Don't forget the buns!


----------



## euphorion (Sep 21, 2011)

bumperooney


----------



## Spider178 (Sep 21, 2011)

shooshoo said:


> Alright alrighy, a few too many PM's harassing me to pick an actual date and after most people saying no to most dates the most likely date is Sat the 15th, so there!
> 
> Saturday 15th October, Newfarm Park. If you don't know anyone going i will endeavor to make myself obvious otherwise please PM me for my contact number. There are electric BBQ's down near the ferry terminal beside the river so i guess we will most likely be there. Most of you should know what Ing and I look like by now even so...



15 October penciled in.


----------



## Jay84 (Sep 21, 2011)

OK..... D3pro..... all this gay inuendo may come and backfire on you.......

I am in QLD for 2 weeks in October and i am there on the 15th!!!!!!!!!!!!!!!!

I am seriously considering coming to taste your meat.... i am sure i can handle the heat.... can you? lol


----------



## D3pro (Sep 21, 2011)

Jay84 said:


> OK..... D3pro..... all this gay inuendo may come and backfire on you.......
> 
> I am in QLD for 2 weeks in October and i am there on the 15th!!!!!!!!!!!!!!!!
> 
> I am seriously considering coming to taste your meat.... i am sure i can handle the heat.... can you? lol



Alright, I just hope I have enough meat for everyone.... I'll bring extra hot sauce too


----------



## Rainbow-Serpent (Sep 21, 2011)

Oooh! Someone bring fairy-bread!!


----------



## jinjajoe (Sep 21, 2011)

Count me in defo..... esp now the Sausage talk is rife lol


----------



## damian83 (Sep 21, 2011)

D3pro said:


> My sausages might be too spicy?



why are they chilli italians?


----------



## Rainbow-Serpent (Sep 21, 2011)

Bahahaha, only on APS....


----------



## damian83 (Sep 21, 2011)

najanaja said:


> Or you could just '' butter up some buns'' D3pro



mick i heard d3pro liked steaming hot muffin tops with westernstar....



MC-Boks said:


> Sounds like fun. Best I stay away from the raffle tickets tho!!!!



yes you and 152 boy stay away so someone else gets the prize lol



shooshoo said:


> I was going to bring cupcakes but i feel morally obliged to bring muffins to honour the above comments.



i think they like crushed nuts in their muffins...


----------



## D3pro (Sep 21, 2011)

damian83 said:


> why are they chilli italians?



Funny enough I am Italian! HA.... Eat-ah ma spicy-meat-ah-ball


----------



## damian83 (Sep 21, 2011)

D3pro said:


> Funny enough I am Italian! HA.... Eat-ah ma spicy-meat-ah-ball


 
dove undare a masturbasi


----------



## D3pro (Sep 21, 2011)

damian83 said:


> dove undare a masturbasi



You just asked "where to go to masturbate?"
Try your toilet and don't put me in your fantasy LOL


----------



## damian83 (Sep 21, 2011)

ok just a your spicy a meat balls lol


----------



## euphorion (Sep 22, 2011)

lol bump?


----------



## Pineapplekitten (Sep 23, 2011)

Ima Coming Woo  i might bring some cookies since the muffins are well covered


----------



## ingie (Sep 23, 2011)

Yay! I'll bring some cupcakes


----------



## wheatus4212 (Sep 23, 2011)

count me in will be good to meet some new peps


----------



## Trouble (Sep 23, 2011)

Sounds good - I'll bring the Fairy Bread


----------



## Rainbow-Serpent (Sep 23, 2011)

Trouble said:


> Sounds good - I'll bring the Fairy Bread


You legend


----------



## euphorion (Sep 23, 2011)

After a couple of PM's and what-not, yes, there is oodles of public transport available. I don't know what the bus line is but i'm not your mum so look it up yourselves  Also, ferries, lots of ferries.

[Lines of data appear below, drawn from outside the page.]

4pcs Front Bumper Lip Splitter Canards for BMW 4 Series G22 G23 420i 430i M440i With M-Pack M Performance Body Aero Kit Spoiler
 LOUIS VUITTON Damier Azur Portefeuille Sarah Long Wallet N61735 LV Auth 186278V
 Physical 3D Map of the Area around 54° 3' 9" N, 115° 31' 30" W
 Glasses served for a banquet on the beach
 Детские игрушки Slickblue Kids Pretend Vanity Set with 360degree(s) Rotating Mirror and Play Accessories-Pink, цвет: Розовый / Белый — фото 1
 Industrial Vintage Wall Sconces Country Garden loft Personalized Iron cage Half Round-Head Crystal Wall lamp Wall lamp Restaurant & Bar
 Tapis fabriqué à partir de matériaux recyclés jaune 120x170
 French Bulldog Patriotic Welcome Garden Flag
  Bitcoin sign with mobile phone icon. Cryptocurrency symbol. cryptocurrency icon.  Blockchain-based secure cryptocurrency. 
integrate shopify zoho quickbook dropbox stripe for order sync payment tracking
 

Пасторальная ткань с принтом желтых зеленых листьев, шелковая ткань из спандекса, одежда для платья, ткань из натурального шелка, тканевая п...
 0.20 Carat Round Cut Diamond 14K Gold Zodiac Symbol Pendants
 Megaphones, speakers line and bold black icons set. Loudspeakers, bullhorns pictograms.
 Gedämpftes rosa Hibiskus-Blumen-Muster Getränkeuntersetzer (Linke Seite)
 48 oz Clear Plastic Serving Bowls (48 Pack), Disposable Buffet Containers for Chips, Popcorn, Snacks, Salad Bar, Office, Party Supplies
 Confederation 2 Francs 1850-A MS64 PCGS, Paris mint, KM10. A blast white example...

I'll bring cupcakes (my famous vanilla recipe!) and mini salad sandwhiches for those not wanting the BBQ option.


----------



## Jay84 (Sep 24, 2011)

Oooh i am quite excited!


----------



## abnrmal91 (Sep 24, 2011)

wow this thread has definitely been an interesting read lol enjoy your BBQ everyone that is going.


----------



## Lilith666 (Sep 27, 2011)

In the tradition of all good BBQs I am happy to bring the bread/bread rolls....how many people...get back to me


----------



## ingie (Sep 27, 2011)

D3pro will bring the butter......... lol

I think we should have some music going on as well!


----------



## james90 (Sep 27, 2011)

:}will try to come:}pm me details if possible


----------



## Pineapplekitten (Sep 27, 2011)

ingie said:


> D3pro will bring the butter......... lol
> 
> I think we should have some music going on as well!



Defs music.... Gotye!!


----------



## euphorion (Sep 27, 2011)

i can stand and bop while providing uncomfortable elevator music if you like?


----------



## jedi_339 (Sep 27, 2011)

hmmmm, I might be in attendance, and for the record ingie and shoo shoo I don't know what either of you look like.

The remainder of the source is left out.